On a negative note I resigned from my job. I had worked at the same place for the same boss for over eight years and had reached a level of comfortable unhappiness (if that makes sense). I wanted to leave but was too settled to force myself to move. In the end it wasn't my decision, I was stabbed in the back yet again by a person who I had been struggling to justify even knowing for some time. I was let down by people that I had thought were good friends and I learnt a painful but valuable lesson about loyalty and trust.

I will never forget how I was made to feel or how I feel now, because I think it is important to hold on to things that cause us pain so that we don't make the same mistakes again. Also because as a writer these things give us a lot of material. I'm pretty sure a few of the people will feature in future novels in some form or other as malignant, despicable villains with few redeeming features.

There is always a silver lining... I don't miss the place at all. I have no regrets about not being there and would never go back. I have had few weeks of semi-freedom to do some writing and some recovering from a long and ongoing illness. I have a new job which starts next week that I am looking forward to the challenges of.
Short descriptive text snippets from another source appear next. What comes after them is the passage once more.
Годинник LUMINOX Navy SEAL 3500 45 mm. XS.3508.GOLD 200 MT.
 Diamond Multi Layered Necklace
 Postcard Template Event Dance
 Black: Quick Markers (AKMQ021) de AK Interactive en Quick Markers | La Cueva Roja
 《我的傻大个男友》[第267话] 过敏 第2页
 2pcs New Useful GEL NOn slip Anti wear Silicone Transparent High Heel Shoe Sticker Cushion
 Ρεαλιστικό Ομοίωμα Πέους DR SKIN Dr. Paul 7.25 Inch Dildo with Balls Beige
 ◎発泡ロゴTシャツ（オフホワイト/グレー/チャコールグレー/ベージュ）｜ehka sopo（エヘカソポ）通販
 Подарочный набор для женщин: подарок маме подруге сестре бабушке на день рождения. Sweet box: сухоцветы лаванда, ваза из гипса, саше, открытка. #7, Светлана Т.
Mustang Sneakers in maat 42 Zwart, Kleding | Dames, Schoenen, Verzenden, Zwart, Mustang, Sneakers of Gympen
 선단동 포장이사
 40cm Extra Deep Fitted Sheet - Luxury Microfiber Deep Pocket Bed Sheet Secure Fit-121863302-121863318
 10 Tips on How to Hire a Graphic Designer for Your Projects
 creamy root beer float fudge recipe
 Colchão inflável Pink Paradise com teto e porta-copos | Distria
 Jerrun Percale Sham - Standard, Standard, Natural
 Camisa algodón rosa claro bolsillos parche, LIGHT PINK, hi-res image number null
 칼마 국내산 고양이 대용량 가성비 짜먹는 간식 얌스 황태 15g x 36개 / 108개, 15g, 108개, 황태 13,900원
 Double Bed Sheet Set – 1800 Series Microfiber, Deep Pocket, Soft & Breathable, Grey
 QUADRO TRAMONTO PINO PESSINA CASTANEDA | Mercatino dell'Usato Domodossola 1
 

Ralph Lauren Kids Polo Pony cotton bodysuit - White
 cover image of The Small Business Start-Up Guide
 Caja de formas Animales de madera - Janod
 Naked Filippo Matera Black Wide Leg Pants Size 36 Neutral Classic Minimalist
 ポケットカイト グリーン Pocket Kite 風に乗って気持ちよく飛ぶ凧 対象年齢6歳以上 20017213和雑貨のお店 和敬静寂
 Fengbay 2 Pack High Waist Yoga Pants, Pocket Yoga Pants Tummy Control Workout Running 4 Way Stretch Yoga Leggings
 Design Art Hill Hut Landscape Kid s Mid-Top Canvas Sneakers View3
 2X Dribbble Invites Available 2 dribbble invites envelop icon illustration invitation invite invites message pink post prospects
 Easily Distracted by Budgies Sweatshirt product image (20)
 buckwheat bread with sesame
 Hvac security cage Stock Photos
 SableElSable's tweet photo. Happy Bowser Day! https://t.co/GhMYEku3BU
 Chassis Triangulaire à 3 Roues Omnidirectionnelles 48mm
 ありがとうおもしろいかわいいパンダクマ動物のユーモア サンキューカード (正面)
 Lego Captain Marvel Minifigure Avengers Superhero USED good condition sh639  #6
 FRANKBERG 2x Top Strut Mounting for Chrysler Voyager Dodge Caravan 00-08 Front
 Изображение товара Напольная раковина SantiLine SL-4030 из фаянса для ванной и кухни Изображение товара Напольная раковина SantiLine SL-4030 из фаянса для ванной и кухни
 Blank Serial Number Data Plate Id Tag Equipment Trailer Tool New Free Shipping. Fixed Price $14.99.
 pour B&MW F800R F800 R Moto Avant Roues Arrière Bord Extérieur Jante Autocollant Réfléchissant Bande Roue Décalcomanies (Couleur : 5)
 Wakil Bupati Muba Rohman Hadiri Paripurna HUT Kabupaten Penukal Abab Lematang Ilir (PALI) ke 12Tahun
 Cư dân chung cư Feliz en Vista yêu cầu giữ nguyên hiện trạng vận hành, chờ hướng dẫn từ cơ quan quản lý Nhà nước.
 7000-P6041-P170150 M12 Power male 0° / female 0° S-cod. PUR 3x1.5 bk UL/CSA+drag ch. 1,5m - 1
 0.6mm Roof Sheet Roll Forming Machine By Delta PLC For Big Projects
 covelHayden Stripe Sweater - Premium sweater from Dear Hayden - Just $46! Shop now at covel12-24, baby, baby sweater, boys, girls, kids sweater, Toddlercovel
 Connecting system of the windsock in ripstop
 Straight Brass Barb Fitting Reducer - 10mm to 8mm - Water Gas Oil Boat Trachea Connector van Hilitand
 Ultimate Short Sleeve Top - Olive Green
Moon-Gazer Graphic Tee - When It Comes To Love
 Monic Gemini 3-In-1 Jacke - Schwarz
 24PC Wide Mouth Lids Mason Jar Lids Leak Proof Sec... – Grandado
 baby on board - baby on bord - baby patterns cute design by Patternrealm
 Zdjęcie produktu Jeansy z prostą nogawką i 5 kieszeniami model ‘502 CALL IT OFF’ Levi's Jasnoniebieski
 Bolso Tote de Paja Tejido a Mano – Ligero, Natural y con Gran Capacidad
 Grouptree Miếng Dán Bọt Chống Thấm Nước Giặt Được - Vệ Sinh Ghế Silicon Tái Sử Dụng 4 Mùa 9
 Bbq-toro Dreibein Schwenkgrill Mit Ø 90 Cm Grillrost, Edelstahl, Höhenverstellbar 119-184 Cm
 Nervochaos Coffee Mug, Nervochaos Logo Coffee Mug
I have met some wonderful people as a temp and I have found out that being a home typist isn't as wonderful a job as it sounds!!

When life hands you lemons throw them on the floor and stamp the life out of them! That's my new philosophy. I got sick of hearing the phrase "when one door closes another one opens" when I lost my job. There were no doors open at the time but everyone who said it was right. Another door opened, someone pushed open a window or two as well and the world started to look a whole lot better. I felt free of some peope who had held me down for a long time, the constant nagging pain in my head was gone for the first time in forever and I felt like there were actually possibilities. Money holds us prisoner, we rely on it and we need it so we base everything else around it but it actually isn't worth it. I'm surviging on very little and I'm happier. Go figure!